Supplied information:
◇ ◇ ◇
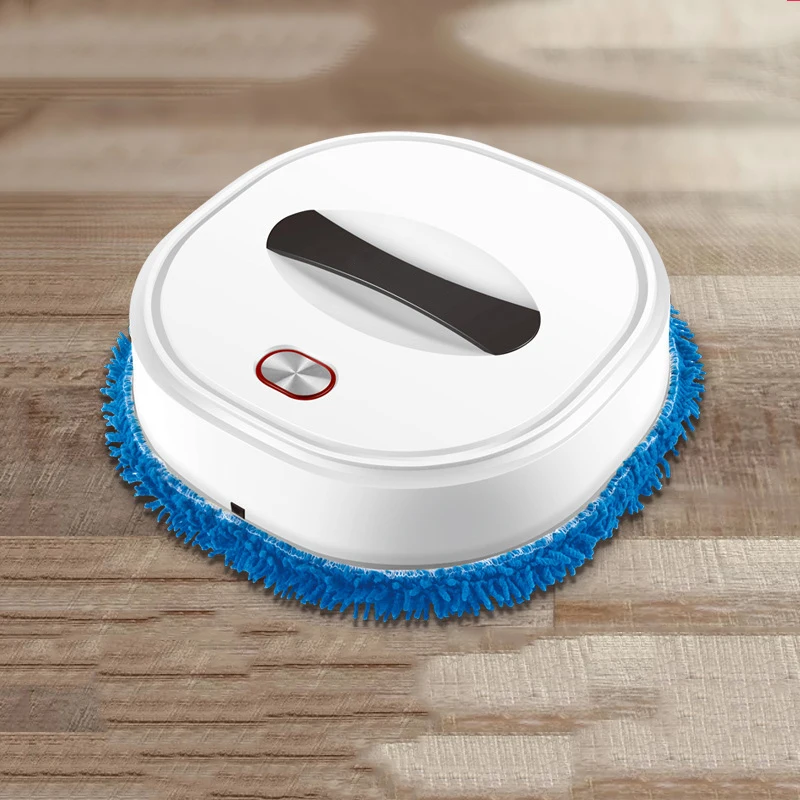 Floor Mop Robot Intelligent Automatic Cleaner Electric Mopping Broom Sweeper Machine Floor Scrubber Imitating Hand Rechargeable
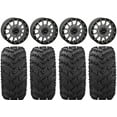 thumbnail image 1 of System 3 SB-5 Grey 14" Wheels 28" Reptile Tires Polaris RZR XP 1000 / PRO XP / Ranger XP 900/1000, 1 of 4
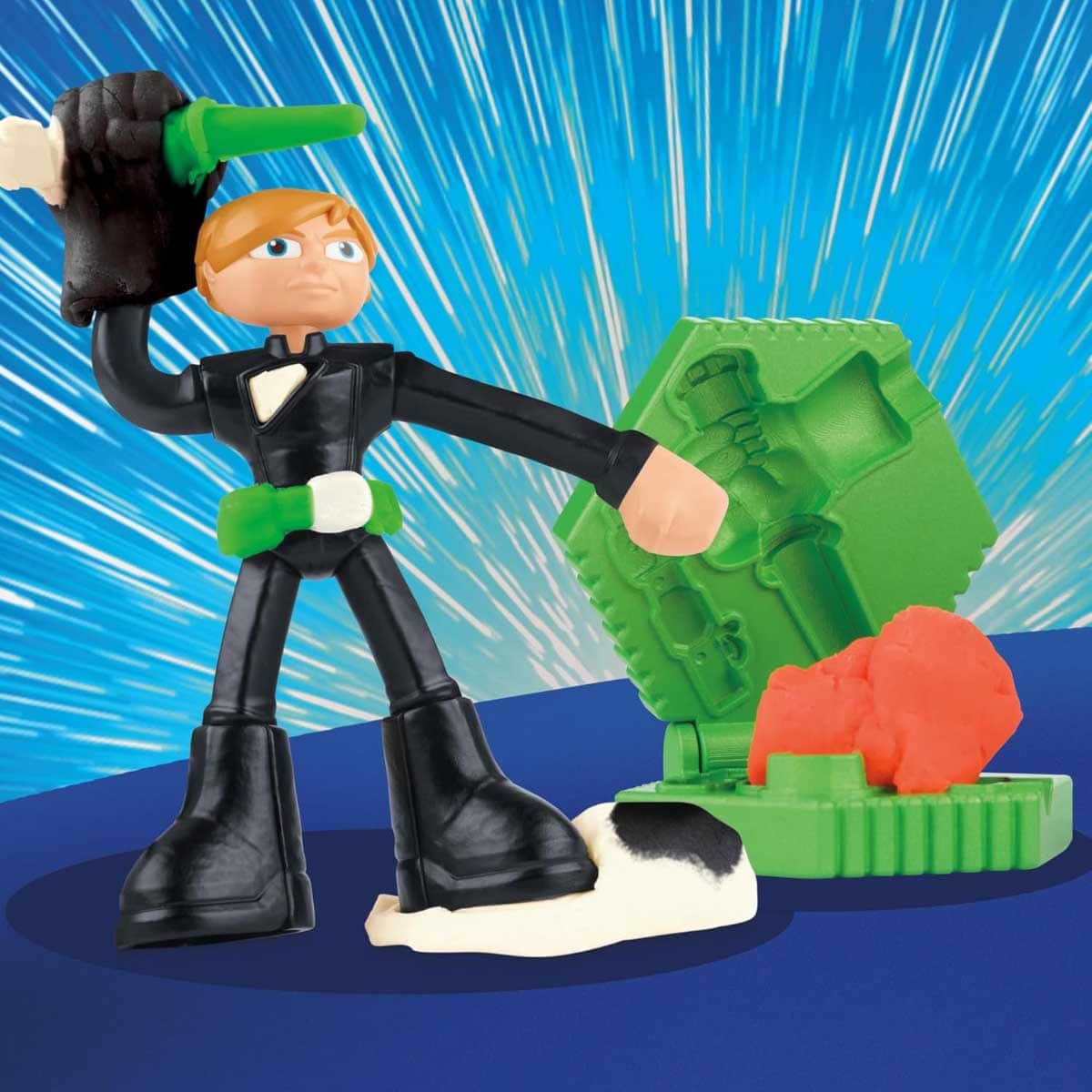 Play-Doh Star Wars Squish & Slice Lightsabers Playset Unisex, 5-7 Years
◇ ◇ ◇
With the pictures left out, return all the material above exactly.

Answer to this task:
 Floor Mop Robot Intelligent Automatic Cleaner Electric Mopping Broom Sweeper Machine Floor Scrubber Imitating Hand Rechargeable
 thumbnail image 1 of System 3 SB-5 Grey 14" Wheels 28" Reptile Tires Polaris RZR XP 1000 / PRO XP / Ranger XP 900/1000, 1 of 4
 Play-Doh Star Wars Squish & Slice Lightsabers Playset Unisex, 5-7 Years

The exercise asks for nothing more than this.